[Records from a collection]
=== Begin Enclosure ===

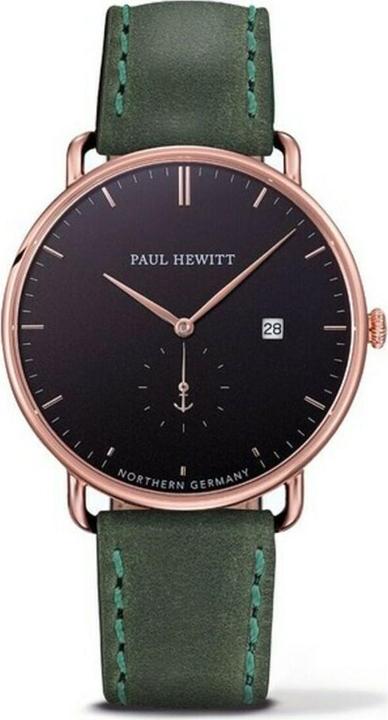 Produktbild Paul Hewitt Grand Atlantic Line Black Sea Rose Gold Leather Green (Analoguhr, 42 mm)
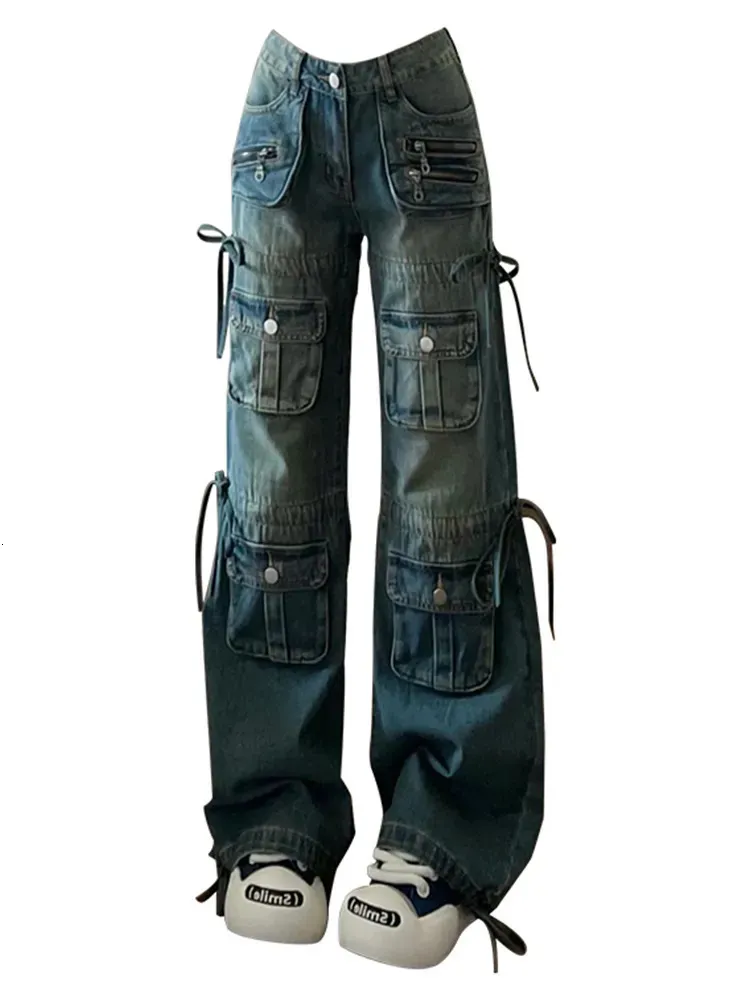 Kadınlar bf tarzı y2k sokak kıyafeti harajuku mavili çok cepli mavi kot kargo pantolonları düşük bel geniş bacak kot pantolon 2000s estetik kpop 231221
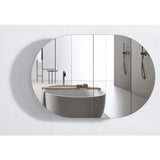 Amber Collection Oval Shaving Cabinet Matt White 900x600x116mm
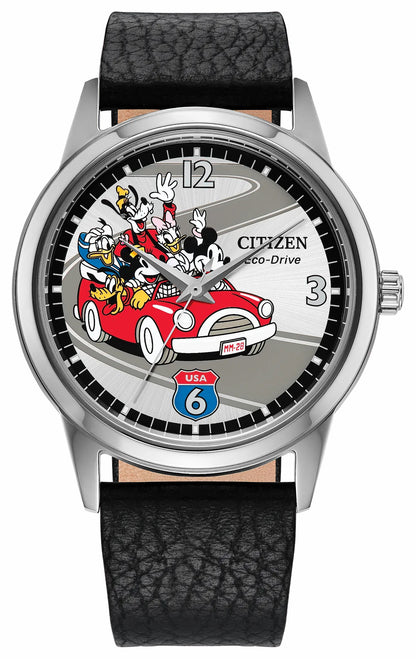 Sensational Six Road Trip Silver-Tone Dial Leather Strap FE7110-09W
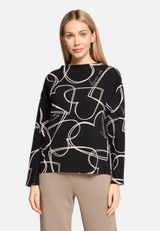 Sweatshirt mit Rippenstruktur / Modellfoto Vorderseite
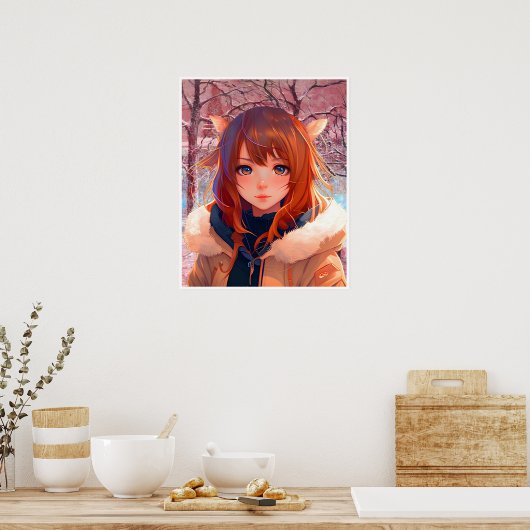 Verbazingwekkende anime meisje kunst poster (Keuken)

=== End Enclosure ===

## What is being asked:
Leave the pictures out, then output exactly the lines from the "Amber Collection Oval" line through the end of the records above, and no others.

## Output for this task:
 Amber Collection Oval Shaving Cabinet Matt White 900x600x116mm
 Sensational Six Road Trip Silver-Tone Dial Leather Strap FE7110-09W
 Sweatshirt mit Rippenstruktur / Modellfoto Vorderseite
 Verbazingwekkende anime meisje kunst poster (Keuken)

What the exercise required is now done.